Наполеон сразу же понял смысл этих маневров, и Лавалетт не хотел ничего смягчать — большинство палат по разным мотивам ждало его отречения. Фуше шептал каждому на ухо: «Мы все погибнем вместе с ним»; он заразил всех депутатов стадным чувством страха. Корабль, идет ко дну; спасти его можно, освободившись немедленно от груза, тянущего ко дну. Не задумываясь над завтрашним днем, потеряв способность трезвой оценки положения, депутаты нетерпеливо требовали отречения. По предложению Лафайета, подсказанному Фуше, палаты объявили свои заседания непрерывными, косвенно угрожая императору и предрешая его подчинение их воле.
Наполеон принял все услышанное спокойно, почти равнодушно. Он не проявил даже ни раздражения, ни негодования поведением Фуше. Его это как бы не трогало. Много позже, на острове Святой Елены, он сказал: «Если бы я в свое время повесил Талейрана и Фуше, я бы еще оставался на троне». В июне 1815 года он не сказал и этого. Со стороны могло показаться, что все совершающееся вокруг мало трогает его, что для самого себя он уже решил что-то главное и ему остается лишь доигрывать роль до конца.

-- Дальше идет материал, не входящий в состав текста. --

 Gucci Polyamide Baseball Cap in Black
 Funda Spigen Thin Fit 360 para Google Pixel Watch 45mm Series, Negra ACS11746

Народ оказался выше тех, кто называл себя его представителями. Весь следующий день с утра к Елисейскому дворцу одна за другой являлись депутации народа: рабочие Сент-Антуанского предместья, рабочие предместья Сен-Марсо, простые люди со всех окраин столицы, народ Парижа. Трудовой люд Франции шел к Елисейскому дворцу, чтобы воспрепятствовать отречению Наполеона: он видел в нем последнее, что осталось от революции, и готов был его поддерживать и защищать. Улицы Парижа оглашались возгласами: «Да здравствует император! Долой Бурбонов! Долой аристократию и попов!»
Лазар Карно 21 июня предложил в палате пэров чрезвычайные меры: провозгласить отечество в опасности и учредить на время диктатуру; в грозный для Франции час он с полным доверием протягивал руку Наполеону. То, что предлагал Карно, означало возврат к политике Комитета общественного спасения с Бонапартом вместо погибшего Робеспьера во главе.
Ни требования народа Парижа, ни предложения Карно не были поддержаны ни представителями законодательных учреждений, ни самим Наполеоном.
С расстояния полутораста лет, спокойно, трезво оценивая ситуацию, сложившуюся во Франции в июне 1815 года, можно ответить на вопрос, так волновавший участников тех бурных событий: возможно ли было после Ватерлоо продолжение борьбы против могущественной коалиции европейских держав, навязывавших Франции Бурбонов, ютившихся в их обозе?
Я видел поле Ватерлоо, бескрайний зеленый ковыль, колеблемый ветром, и высокий холм Сен-Жан, и каменную лестницу с бессчетными рядами ступенек, ведущих к вершине, и на гребне холма скульптурное изображение грозного британского льва — символ британской победы. Внизу, у подножия холма, в кафе «Ватерлоо», немногочисленные туристы пили: кто — джин, кто — прозрачное легкое бельгийское пиво; здесь бойко шла торговля сувенирами — перочинными ножами, пепельницами, чашками; на всех был изображен золотой свирепый британский лев, торжествующий победу. Англия выиграла последнее решающее сражение; британский лев сокрушил наполеоновского орла — в этом смысл символической скульптуры на вершине холма Сен-Жан.